Graph Neural Networks have achieved tremendous success in modeling complex graph data in a variety of applications. However, there are limited studies investigating privacy protection in GNNs. In this work, we propose a learning framework that can provide node privacy at the user level, while incurring low utility loss. We focus on a decentralized notion of Differential Privacy, namely Local Differential Privacy, and apply randomization mechanisms to perturb both feature and label data at the node level before the data is collected by a central server for model training. Specifically, we investigate the application of randomization mechanisms in high-dimensional feature settings and propose an LDP protocol with strict privacy guarantees. Based on frequency estimation in statistical analysis of randomized data, we develop reconstruction methods to approximate features and labels from perturbed data. We also formulate this learning framework to utilize frequency estimates of graph clusters to supervise the training procedure at a sub-graph level. Extensive experiments on real-world and semi-synthetic datasets demonstrate the validity of our proposed model.
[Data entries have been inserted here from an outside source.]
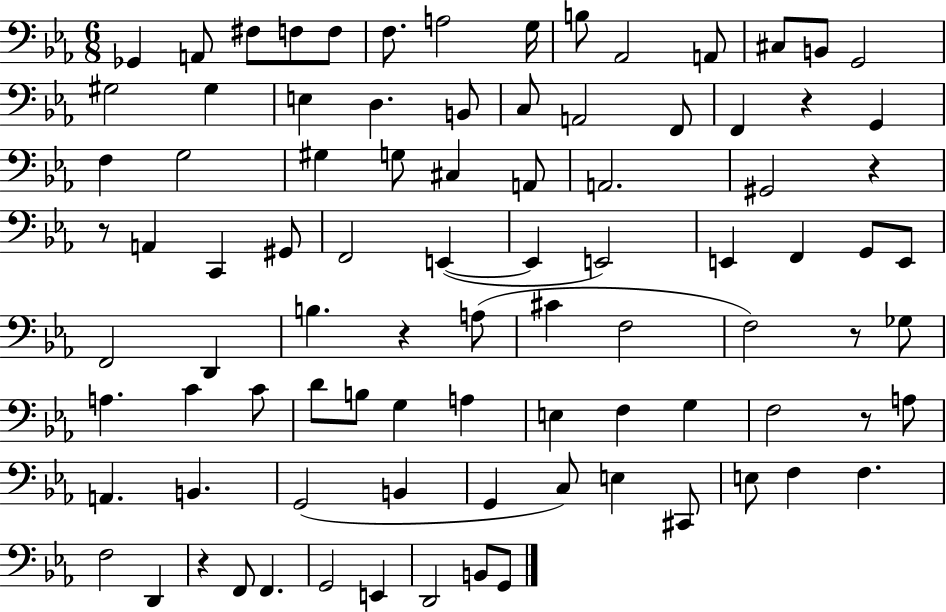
Gb2/q A2/e F#3/e F3/e F3/e F3/e. A3/h G3/s B3/e Ab2/h A2/e C#3/e B2/e G2/h G#3/h G#3/q E3/q D3/q. B2/e C3/e A2/h F2/e F2/q R/q G2/q F3/q G3/h G#3/q G3/e C#3/q A2/e A2/h. G#2/h R/q R/e A2/q C2/q G#2/e F2/h E2/q E2/q E2/h E2/q F2/q G2/e E2/e F2/h D2/q B3/q. R/q A3/e C#4/q F3/h F3/h R/e Gb3/e A3/q. C4/q C4/e D4/e B3/e G3/q A3/q E3/q F3/q G3/q F3/h R/e A3/e A2/q. B2/q. G2/h B2/q G2/q C3/e E3/q C#2/e E3/e F3/q F3/q. F3/h D2/q R/q F2/e F2/q. G2/h E2/q D2/h B2/e G2/e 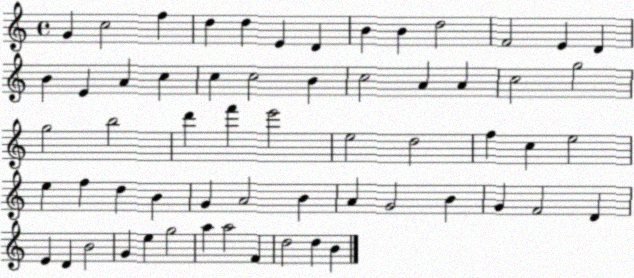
X:1
T:Untitled
M:4/4
L:1/4
K:C
G c2 f d d E D B B d2 F2 E D B E A c c c2 B c2 A A c2 g2 g2 b2 d' f' e'2 e2 d2 f c e2 e f d B G A2 B A G2 B G F2 D E D B2 G e g2 a a2 F d2 d B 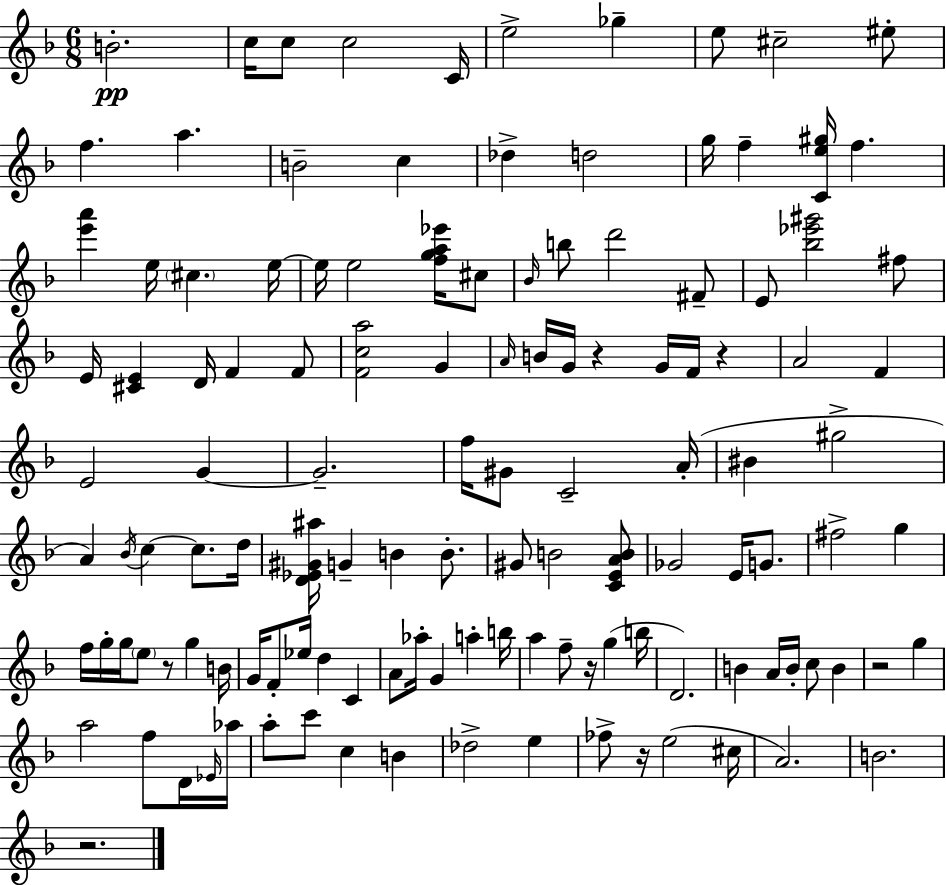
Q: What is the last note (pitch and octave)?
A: B4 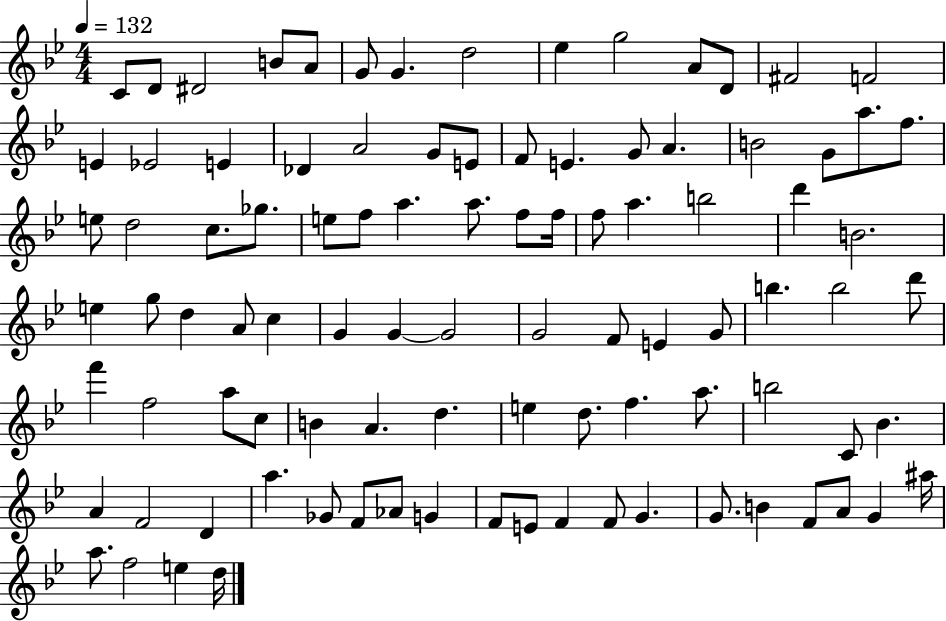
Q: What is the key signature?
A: BES major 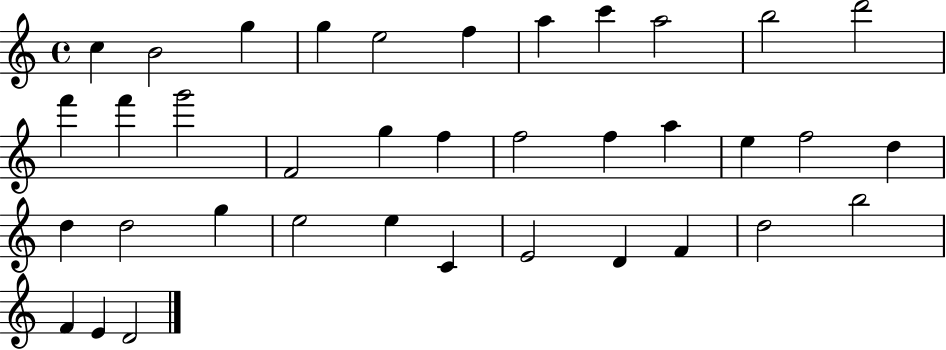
C5/q B4/h G5/q G5/q E5/h F5/q A5/q C6/q A5/h B5/h D6/h F6/q F6/q G6/h F4/h G5/q F5/q F5/h F5/q A5/q E5/q F5/h D5/q D5/q D5/h G5/q E5/h E5/q C4/q E4/h D4/q F4/q D5/h B5/h F4/q E4/q D4/h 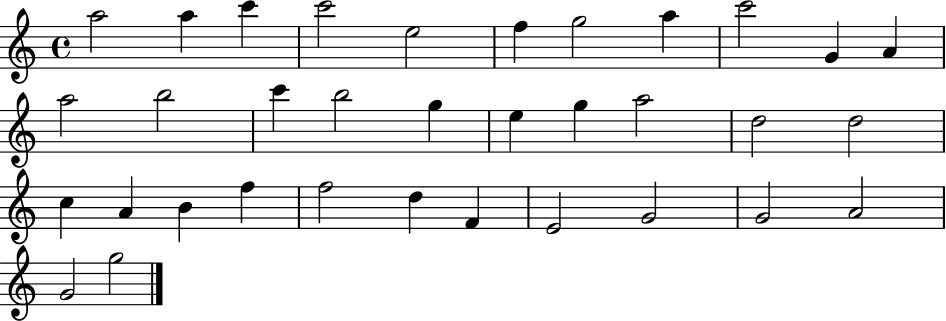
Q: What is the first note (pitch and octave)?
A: A5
翻译：图神经网络在各类应用中成功建模复杂图数据取得了巨大成就。然而，目前关于图神经网络中隐私保护的研究仍十分有限。本文提出一种学习框架，可在用户层面提供节点隐私保护，同时仅产生较低的效用损失。我们聚焦于差分隐私的分布式概念——本地差分隐私，在数据被中央服务器收集用于模型训练之前，对节点层面的特征和标签数据应用随机化机制进行扰动。具体而言，我们研究了高维特征环境下的随机化机制应用，并提出了一种具有严格隐私保障的LDP协议。基于随机化数据统计分析中的频率估计方法，我们开发了从扰动数据中重构特征和标签的重构方法。我们还构建了利用图簇频率估计来监督子图层面训练过程的学习框架。在真实数据集和半合成数据集上的大量实验证明了所提模型的有效性。